Exercise instructions:
Retype nothing except the lines below from the one with "A Făcut O Casă" through the one with "Szary Porsche Cayenne", exactly, with images left out.

Given data:
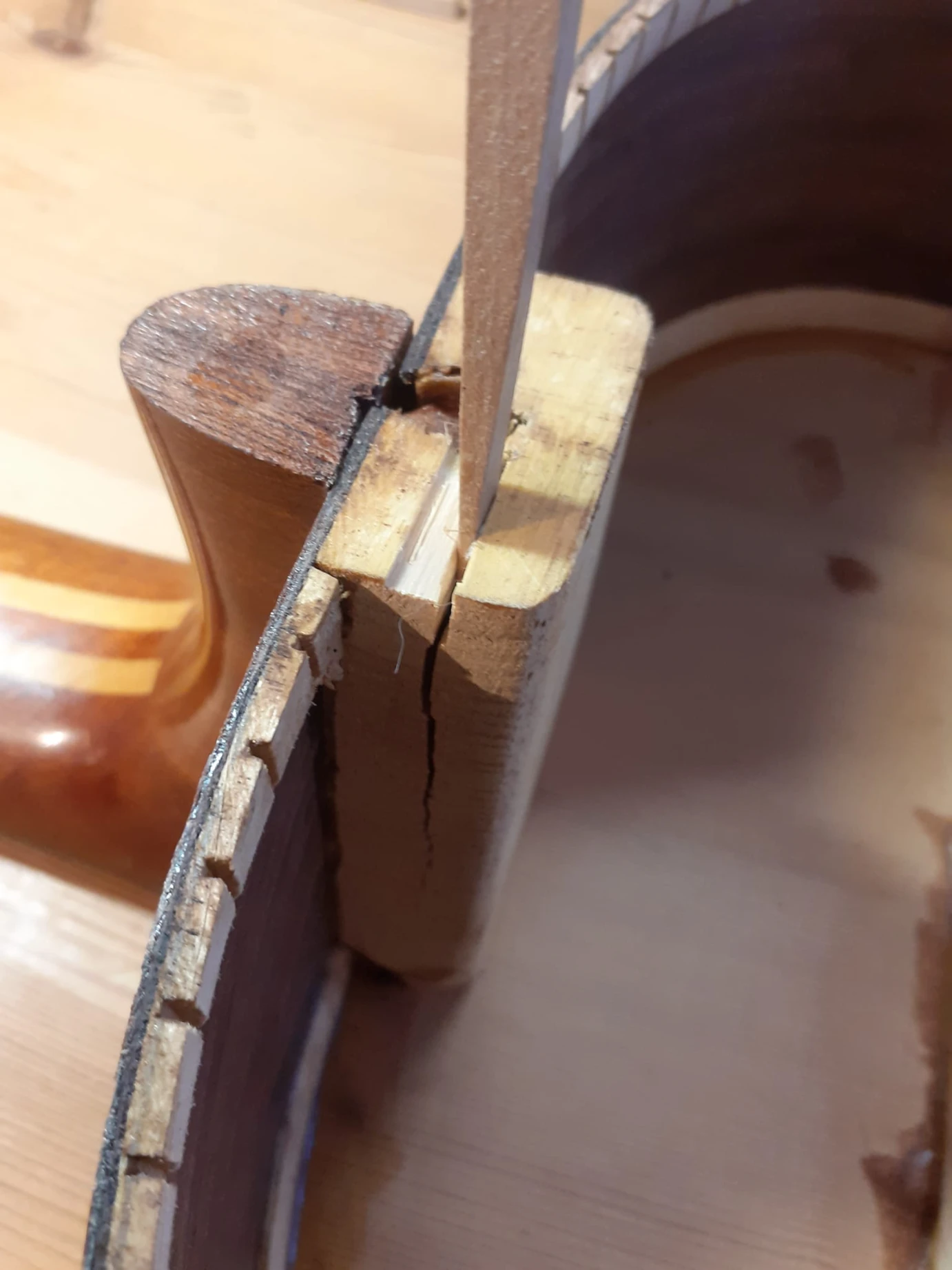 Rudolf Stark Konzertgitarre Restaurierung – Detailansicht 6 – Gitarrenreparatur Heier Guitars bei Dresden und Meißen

...

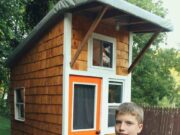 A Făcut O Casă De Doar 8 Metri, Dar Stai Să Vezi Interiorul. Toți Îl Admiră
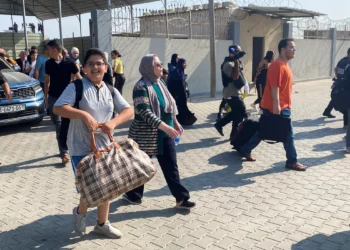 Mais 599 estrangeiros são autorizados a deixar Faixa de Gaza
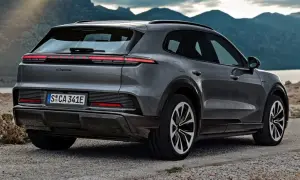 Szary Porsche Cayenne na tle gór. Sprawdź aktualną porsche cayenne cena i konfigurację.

==

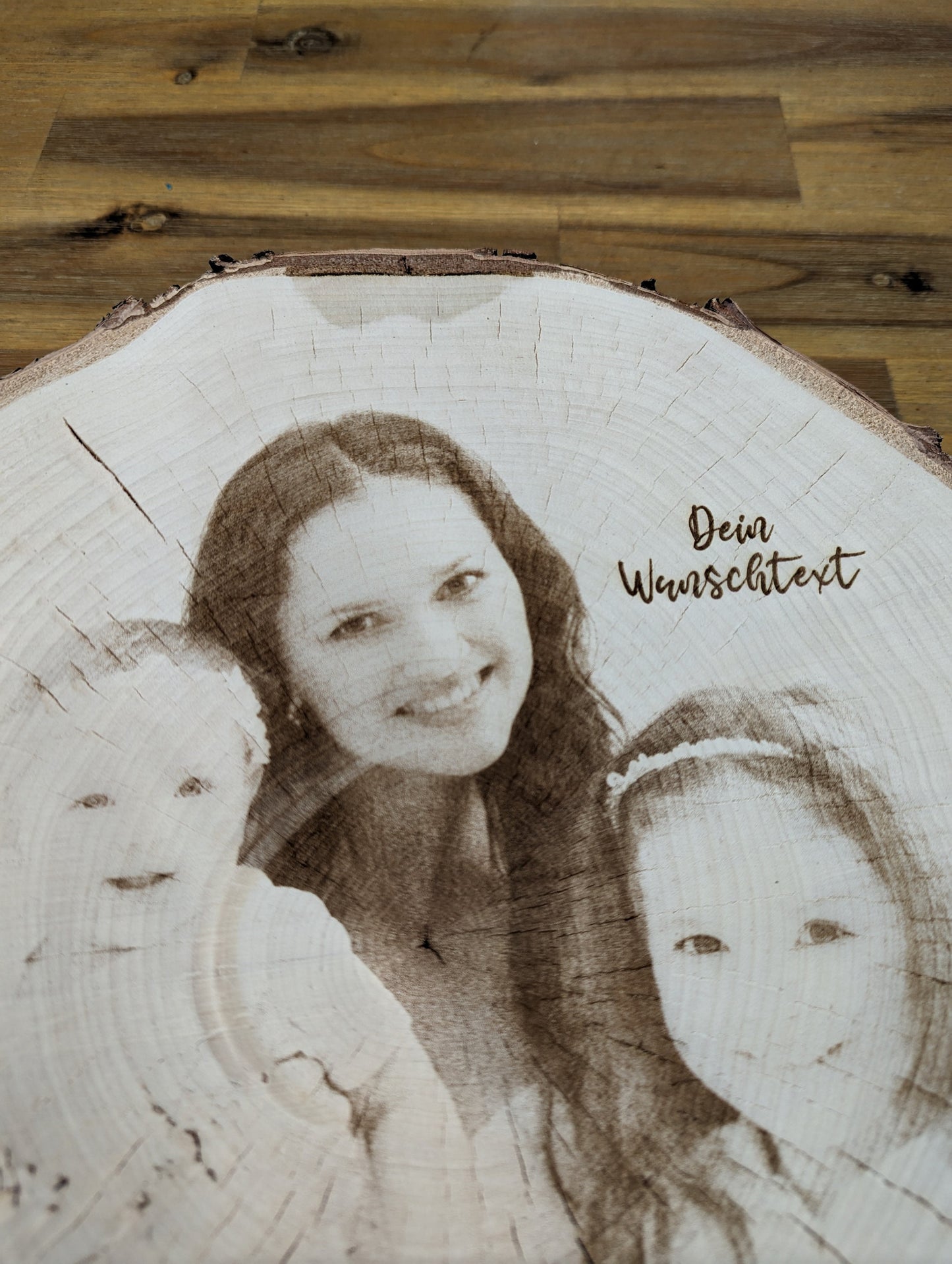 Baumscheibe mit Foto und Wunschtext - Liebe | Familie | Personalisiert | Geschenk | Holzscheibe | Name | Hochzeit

Response to the exercise:
 A Făcut O Casă De Doar 8 Metri, Dar Stai Să Vezi Interiorul. Toți Îl Admiră
 Mais 599 estrangeiros são autorizados a deixar Faixa de Gaza
 Szary Porsche Cayenne na tle gór. Sprawdź aktualną porsche cayenne cena i konfigurację.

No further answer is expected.